Malaysia, juga tidak banyak beda. Puas "memperkosa" hak-hak TKI dan TKW kita, mereka juga mulai berani mengambil pulau-pulau yang berbatasan langsung dengan negara mereka. Sipadan, Ligitan, dan hampir saja Ambalat!!!! No more island for Malaysia. Tidak berhasil mengambil Ambalat, Malaysia menangkapi nelayan-nelayan kita yang mencari ikan di perairan Indonesia!!!!??? Dan untuk membebaskan nelayan-nelayan tersebut, mereka (Polisi Diraja Malaysia) minta tebusan tidak kurang dari RM 1 juta dan pemerintah tidak melakukan hal-hal yang perlu. Bandingkan dengan apa yang terjadi ketika 6 orang nelayan Malaysia ditangkap karena mencuri ikan di perairan Indonesia. Polisi Laut Malaysia menangkap 3 orang petugas kita di rumah kita sendiri. Sekali lagi, ditangkap di rumah kita sendiri. Dan apa yang dilakukan pemerintah Indonesia? Menukar keenam pencuri tersebut dengan ketiga petugas legal kita, meski istilah pertukaran itu ditolah pemerintah. Tapi public tahu apa yang terjadi. Menyedihkan dan juga memalukan sekali. Lantas apa saja yang sudah diplomat-diplomat kita? Pelesir di negeri orang dengan biaya dari rakyat mereka yang miskin? Dan Presiden kita sering sekali melakukan kunjungan ke luar negeri yang menghabiskan banyak biaya. Apakah bisa disebut "kunjungan yang berhasil" jika posisi politik internasional kita makin terpuruk?

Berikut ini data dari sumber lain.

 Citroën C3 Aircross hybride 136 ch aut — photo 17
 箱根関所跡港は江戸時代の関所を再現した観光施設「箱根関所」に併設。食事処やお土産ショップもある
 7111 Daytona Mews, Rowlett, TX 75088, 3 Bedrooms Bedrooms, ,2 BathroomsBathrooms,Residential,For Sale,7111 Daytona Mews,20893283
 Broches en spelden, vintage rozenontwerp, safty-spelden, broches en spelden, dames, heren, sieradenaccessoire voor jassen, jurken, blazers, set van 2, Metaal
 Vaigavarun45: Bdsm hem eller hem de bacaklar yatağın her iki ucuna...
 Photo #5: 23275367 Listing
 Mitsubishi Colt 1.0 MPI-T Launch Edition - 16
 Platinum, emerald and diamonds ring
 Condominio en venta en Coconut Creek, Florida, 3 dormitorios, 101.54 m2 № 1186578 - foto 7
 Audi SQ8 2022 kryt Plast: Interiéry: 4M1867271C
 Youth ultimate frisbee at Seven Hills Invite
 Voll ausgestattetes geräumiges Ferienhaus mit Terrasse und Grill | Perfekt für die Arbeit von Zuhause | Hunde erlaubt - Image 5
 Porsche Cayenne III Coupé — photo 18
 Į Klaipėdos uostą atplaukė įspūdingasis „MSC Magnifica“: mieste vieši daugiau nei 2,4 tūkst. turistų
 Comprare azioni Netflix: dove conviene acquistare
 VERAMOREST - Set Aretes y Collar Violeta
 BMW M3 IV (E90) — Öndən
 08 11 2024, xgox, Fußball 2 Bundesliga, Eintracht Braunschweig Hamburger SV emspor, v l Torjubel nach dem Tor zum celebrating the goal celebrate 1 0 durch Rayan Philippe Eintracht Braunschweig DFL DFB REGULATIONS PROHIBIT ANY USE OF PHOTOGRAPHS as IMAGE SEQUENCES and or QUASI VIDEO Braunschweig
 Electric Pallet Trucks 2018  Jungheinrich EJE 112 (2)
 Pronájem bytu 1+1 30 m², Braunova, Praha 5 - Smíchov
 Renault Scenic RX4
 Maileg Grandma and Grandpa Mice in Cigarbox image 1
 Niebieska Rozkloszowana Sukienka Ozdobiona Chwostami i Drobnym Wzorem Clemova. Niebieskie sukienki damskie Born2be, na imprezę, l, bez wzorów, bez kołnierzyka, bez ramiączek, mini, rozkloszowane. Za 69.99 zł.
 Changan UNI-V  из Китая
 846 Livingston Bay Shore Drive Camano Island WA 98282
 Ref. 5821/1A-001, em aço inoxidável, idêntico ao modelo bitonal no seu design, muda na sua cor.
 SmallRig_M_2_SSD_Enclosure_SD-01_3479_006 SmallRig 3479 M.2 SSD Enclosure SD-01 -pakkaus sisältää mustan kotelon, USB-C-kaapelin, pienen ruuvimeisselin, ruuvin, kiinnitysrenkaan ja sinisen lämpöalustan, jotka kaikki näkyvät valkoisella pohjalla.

Lantas, apakah kita harus marah-marah kepada Malaysia yang terhitung masih saudara serumpun? Menurut the Guru, tidak elok kita menyulut permusuhan dengan negara-negara tetangga ASEAN kita. Terlalu banyak yang harus dikorbankan. Aspek-aspek ekonomi, budaya, ketenaga kerjaan, pertahanan akan terganggu . Di samping itu keutuhan hubungan regional, adalah harga mati bagi pertahanan idelogi kita yang sedang dalam incaran negara liberal (Amerika) dan serbuan komunis (China).

Kita bisa mulai menjadi bangsa yang bermartabat tanpa harus berperang dengan negeri tetangga (seperti yang diinginkan oleh banyak orang Indonesia). Kalau mau berwibawa terhadap Malaysia, seharusnya kita juga mulai tegas terhadap Singapura, yang dalam istilah orang awam, jika seluruh penduduk Indonesia kencing bersama-sama di sana, negara pulau itu pasti akan tenggelam. Kemudian kita juga harus tegas terhadap East Timor yang telah berani menembak rakyat Indonesia yang memancing di sungai yang menjadi batas kedua negara. Terhadap New Guinea yang sering menjadi tempat persembunyian OPM, dan Australia (yang sudah dua dasawarsa ini mengangkat diri jadi deputy polisi kawasan) serta sering menembaki dan menghancurkan kapal nelayan tradisional kita. Juga pemerintah harus berani menggunakan segala potensi alam dan manusianya untuk menekan negara-negara lain dalam men-sukses-kan diplomasinya. Kita bisa mengancam untuk mengambil alih Freeport, Natuna, Exon Mobile, Blok Cepu, NNT, dan lain-lain supaya kedaulatan dan martabat bangsa kita terjaga. Dan itu baru bisa dilakukan apabila negara memiliki kebijakan yang jelas tentang pendidikan anak-anak bangsa yang akan mengelola Sumber Daya Alam kita yang melimpah ruah. Selain itu, pemerintah juga harus bebas korupsi, karena tidak mungkin melakukan nasionalisasi perusahaan asing-perusahaan asing tersebut apabila ternyata di dalamnya melibatkan personal interest dari pemimpin-pemimpin kita.

Mari membangun wibawa dan martabat bangsa ini dari dalam. Mulai dari top leader sampai seluruh aspek. Saya yakin kita bisa menjadi bangsa yang mandiri, hanya jika kita mau mengelola negara ini dengan amanah. Di setiap ada kemauan di situ ada jalan. Innallahalaa yughayyiruma bikaumin, hatta yughayyiruuma bianfusihim. Dan jangan lupa berharap (berdo'a).